Campania

si toglie la vita in carcere


Si è consumata oggi (11 giugno), poco dopo le 13, una nuova tragedia all’interno del carcere di Santa Maria Capua Vetere. Luzmil Toci, 31 anni, detenuto per l’omicidio della moglie Eleanor Toci, si è tolto la vita nell’area psichiatrica dell’istituto penitenziario.

L’uomo stava scontando la condanna per un femminicidio che aveva profondamente scosso la comunità di San Felice a Cancello, dove lo scorso 9 ottobre aveva ucciso la moglie nella loro abitazione, davanti ai due figli piccoli, di appena 6 e 4 anni.

Il suo corpo è stato trovato privo di vita nella struttura psichiatrica interna al carcere sammaritano. Le circostanze del suicidio sono ancora in fase di accertamento, ma si tratterebbe dell’ennesimo episodio di una lunga serie di morti dietro le sbarre.

A commentare quanto accaduto è stato Samuele Ciambriello, Garante campano dei detenuti: “Morire di pena non è un destino. Morire di carcere e in carcere responsabilizza tutti noi che siamo liberi: società civile, politica, amministrazione penitenziaria, terzo settore e volontariato”.
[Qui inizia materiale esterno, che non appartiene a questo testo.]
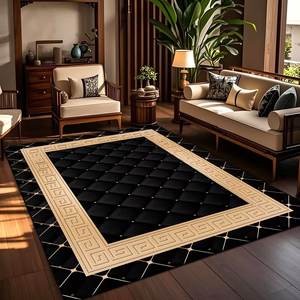 ชุดพรมปูในห้องนั่งเล่นผ้ากำมะหยี่คริสตัลสไตล์โบโฮสำหรับตกแต่งบ้าน - Product Image 3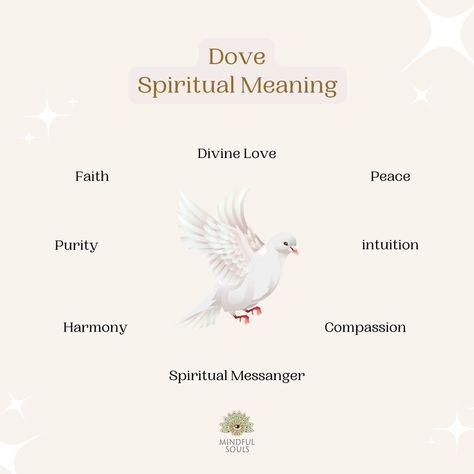 🕊️ A lot of meaning can be carried in a pair of white wings. 🕊️⁠ ⁠ Doves are a symbol of peace, compassion & harmony. Let its gentle spirit guide you on your path to spiritual growth. ✨⁠ ⁠ #mindfulness #mindbodysoul #spirituality #selflove #energyiseverything #innerpeace #consciousness #selfcare #mindfulliving #wellbeing #loveyourself #spiritual #higherself #spiritualthoughts #trusttheuniverse #awakespiritual #soulawakening #innerbeing #innerguidance Animals Meaning Spiritual, White Dove Spiritual Meaning, Dove Symbolism Meaning, Dove Spirit Animal Meaning, Doves Meaning, Dove Spiritual Meaning, Dove Meaning, Charm Meanings, Dove Tattoo Meaning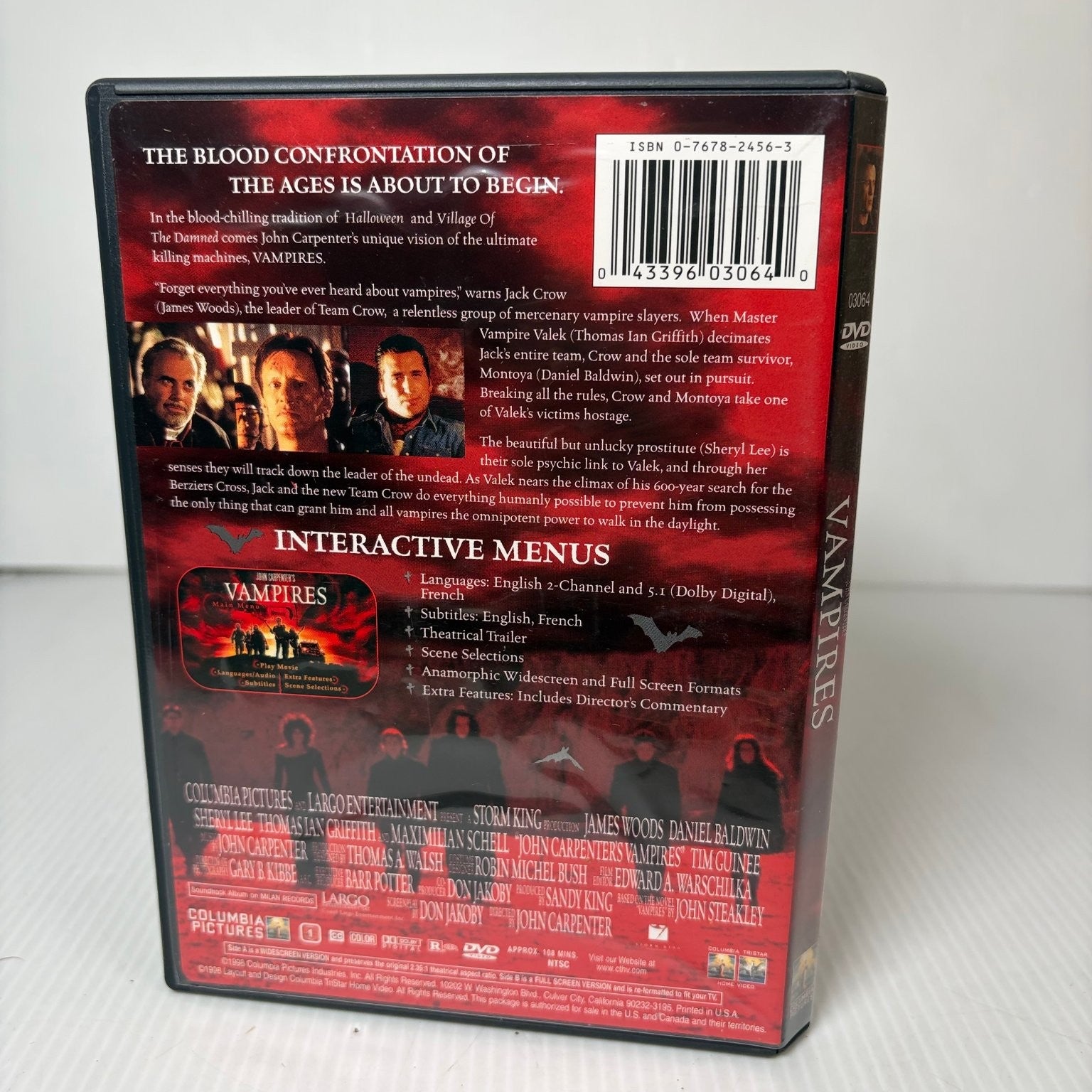 John Carpenter's Vampires DVD 1998 James Woods Director's Commentary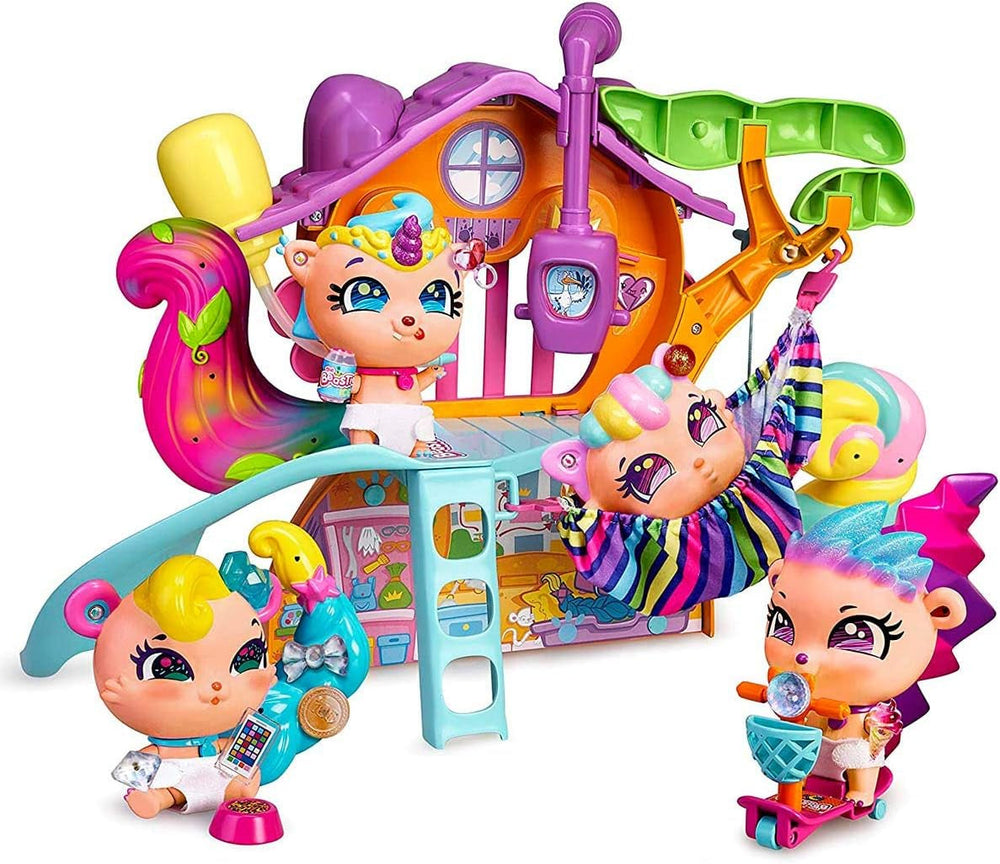 Brzuch z Bellyville - Beetree House, Beasties House Bellies Friends, akcesoria dla lalek, prezenty (Famosa 700015795) Domki dla lalek Naty Shop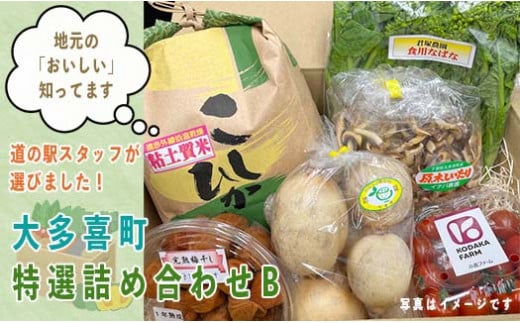 T02031 道の駅たけゆらの里おおたき特選詰め合わせB千葉県大多喜町22000野菜・きのこその他 野菜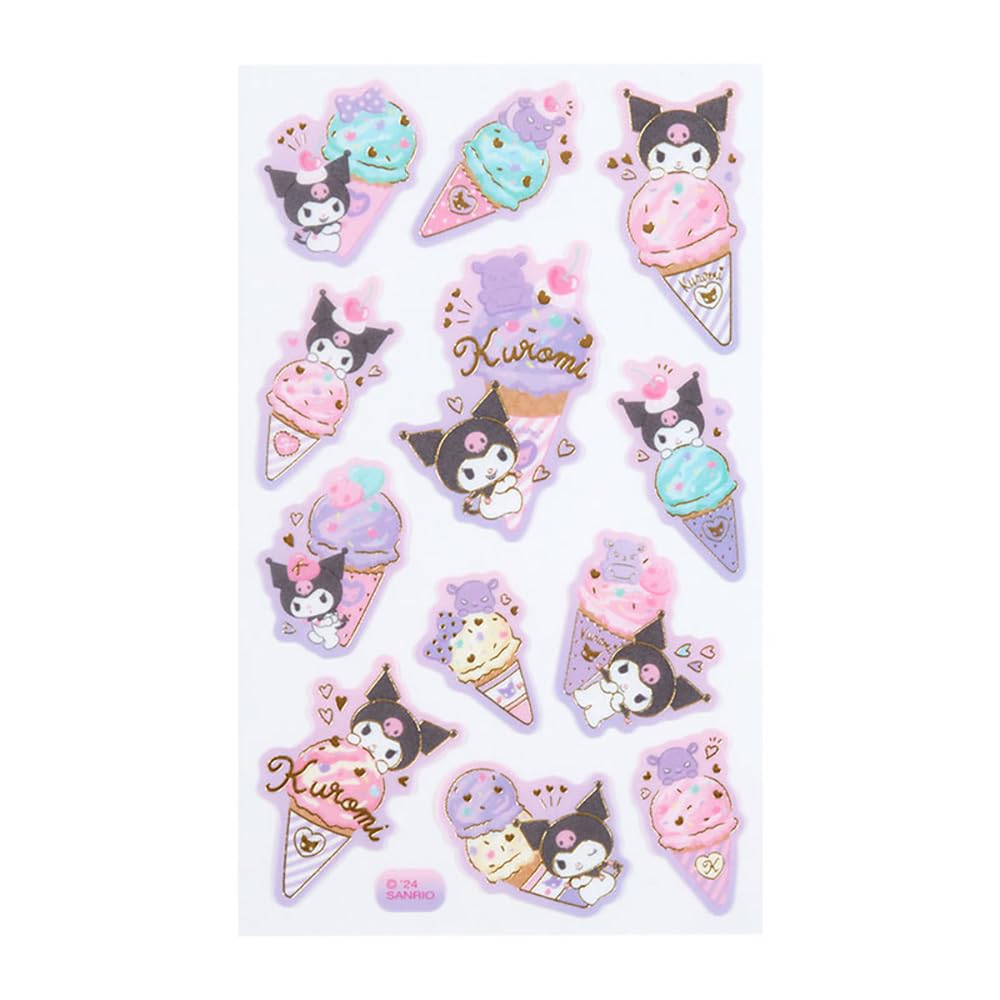 Sanrio Kuromi Tracing Paper Stickers Ice Party 326941 for Crafts- Japan Figure Store - #1 Bring To You The Best Japanese Goods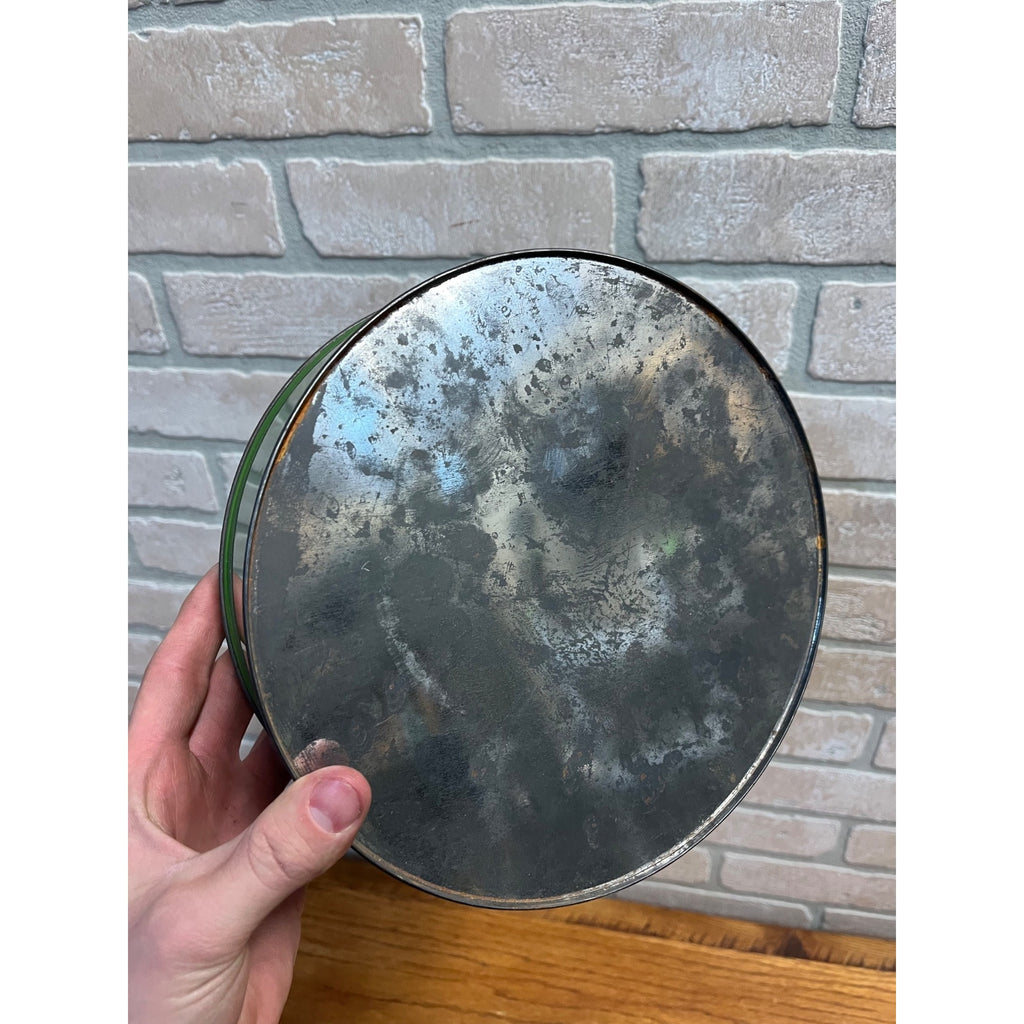 Vintage 1950s Marshall Fields Department Store Fruit Cake Tin 8.5"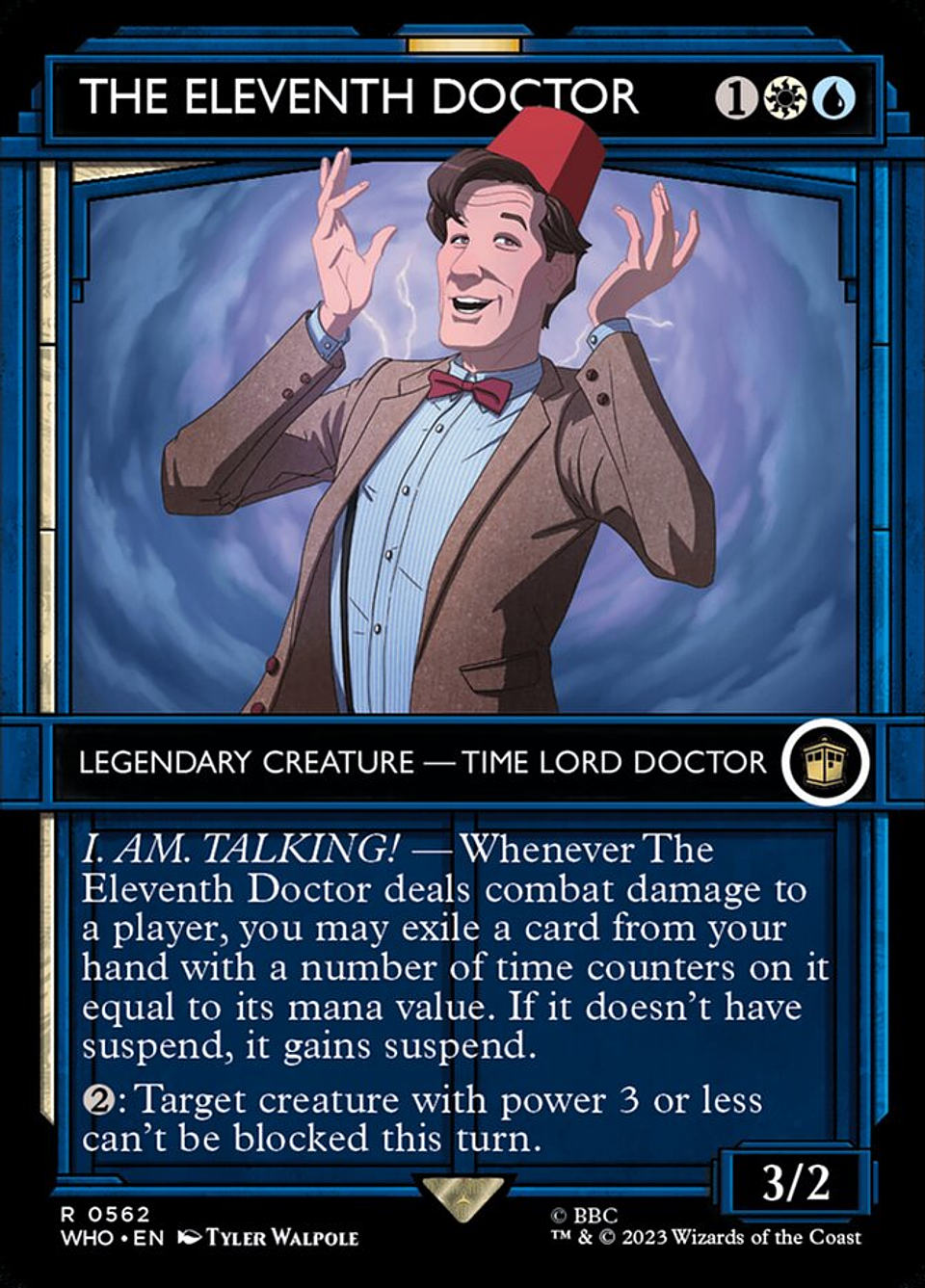 The Eleventh Doctor (Showcase foil) | Inglés | NM | WHO 1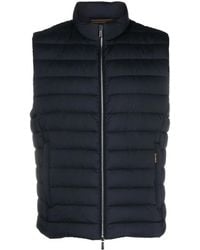 Moorer - Quilted Zipped Gilet - Lyst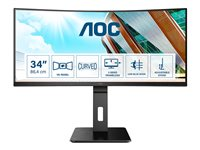 AOC Pro-line CU34P2A - P2 Series - LED-skärm - böjd - 34" CU34P2A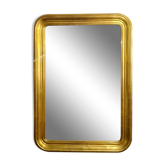 Miroir vintage doré, 73x52 cm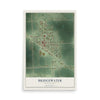 Map of Bridgewater, South Dakota, 12 x 18 inch unframed archival matte print
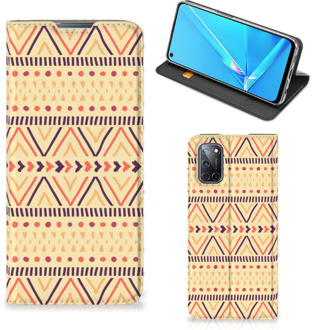 B2Ctelecom GSM Hoesje OPPO A52 | A72 Wallet Bookcase Aztec Yellow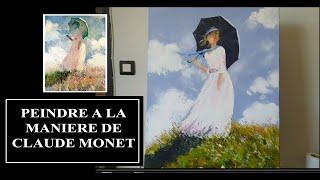 PEINDRE A LA MANIERE DE MONET par Nelly LESTRADE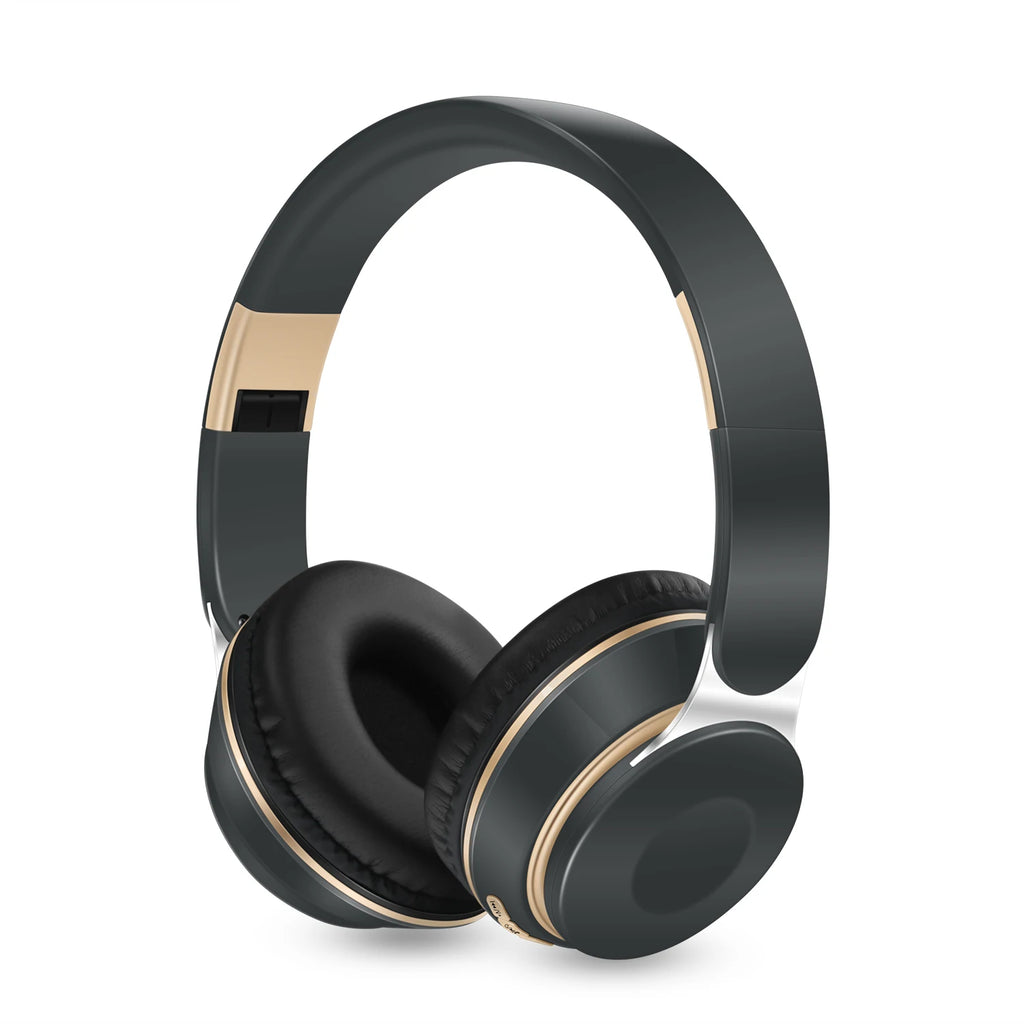 Wireless Bluetooth Headphones with Mic & SD Card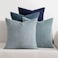 MIULEE Summer Throw Pillow Covers 18x18 Inch Set of 4 Western Neutral Decorative Cushion Covers Soft Boho Farmhouse Modern Coastal Spring Decor for Couch Bed Sofa Living Room Dark Blue Navy Series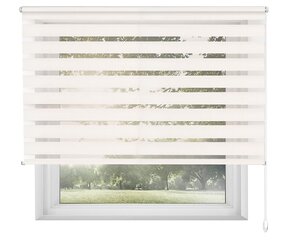 Aknaruloo day-night DN-19 WHITE, 90x240 cm цена и информация | Рулонные шторы | kaup24.ee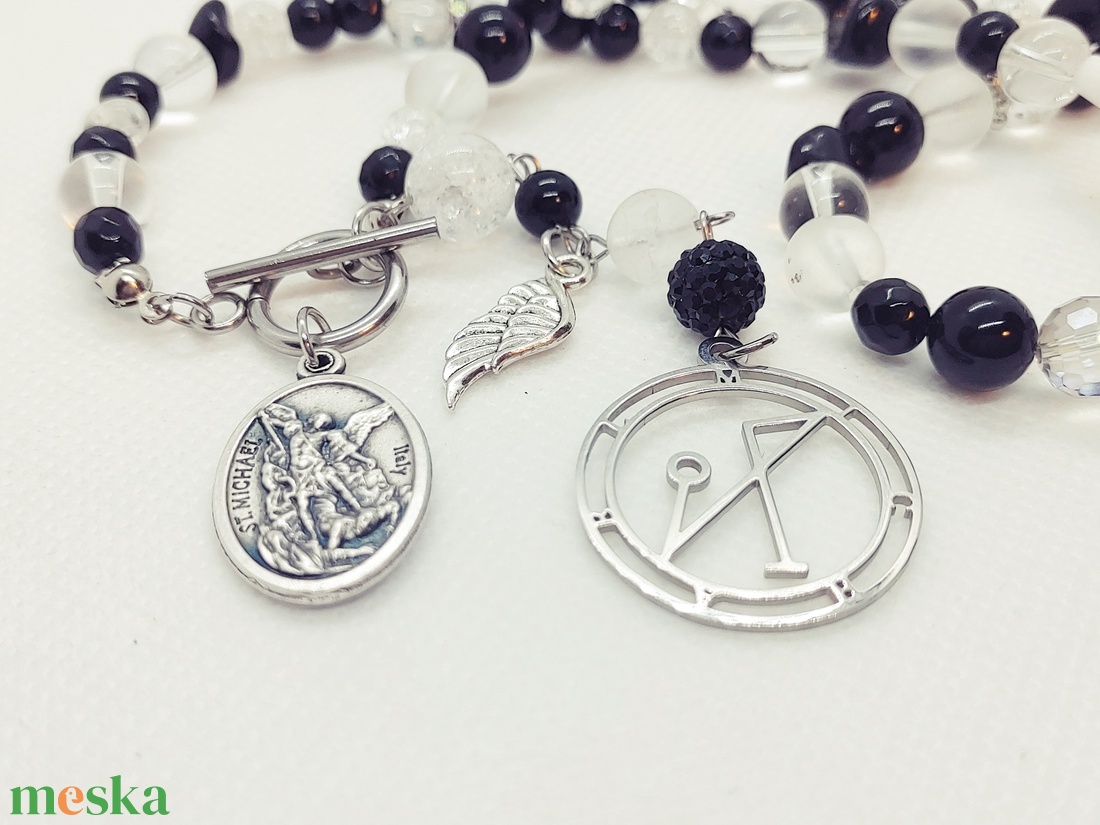 Mihály arkangyal amulett, arkangyal szimbólum - ékszer - nyaklánc - medálos nyaklánc - Meska.hu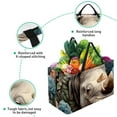 thumbnail image 3 of Rhinoceros Large Capacity Reusable Oxford Cloth Storage Bin: Foldable Storage Bag, Picnic Basket, and Storage Box, 3 of 7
Il Garante ha lanciato un appello urgente, richiamando l’attenzione sulla crisi profonda del sistema penitenziario italiano, aggravata da condizioni ambientali sempre più critiche: “Questa calda estate e il sovraffollamento stanno già rendendo impossibile la vita nei nostri istituti. Siamo ormai a 36 suicidi nelle carceri italiane nel 2025, a cui si aggiungono 78 morti per cause ancora da accertare”.

La situazione in Campania è particolarmente allarmante: con il suicidio di oggi a Santa Maria Capua Vetere, il bilancio regionale sale a cinque suicidi dall’inizio dell’anno, di cui due a Poggioreale, uno a Secondigliano, uno a San Nicola Baronia (Rems) e ora questo nuovo caso.

Il carcere di Santa Maria Capua Vetere, già al centro dell’attenzione mediatica negli ultimi anni per le condizioni detentive e i casi di violenza documentati, si conferma come un simbolo delle difficoltà strutturali del sistema carcerario italiano.

L’appello del Garante è chiaro: “Siamo abituati alle morti in carcere, ci colpiscono nell’immediato, ma politica e amministrazione penitenziaria non si interrogano mai abbastanza sul perché accadano. Dobbiamo fare tutti di più”.

Il dramma di Luzmil Toci, che si è tolto la vita dopo aver compiuto un gesto estremo e irreparabile, riapre il dibattito sulle condizioni di vita nei penitenziari italiani, sulla necessità di supporto psicologico, e su un modello detentivo che deve necessariamente riformarsi, se vuole davvero essere parte di un sistema di giustizia, e non solo di reclusione.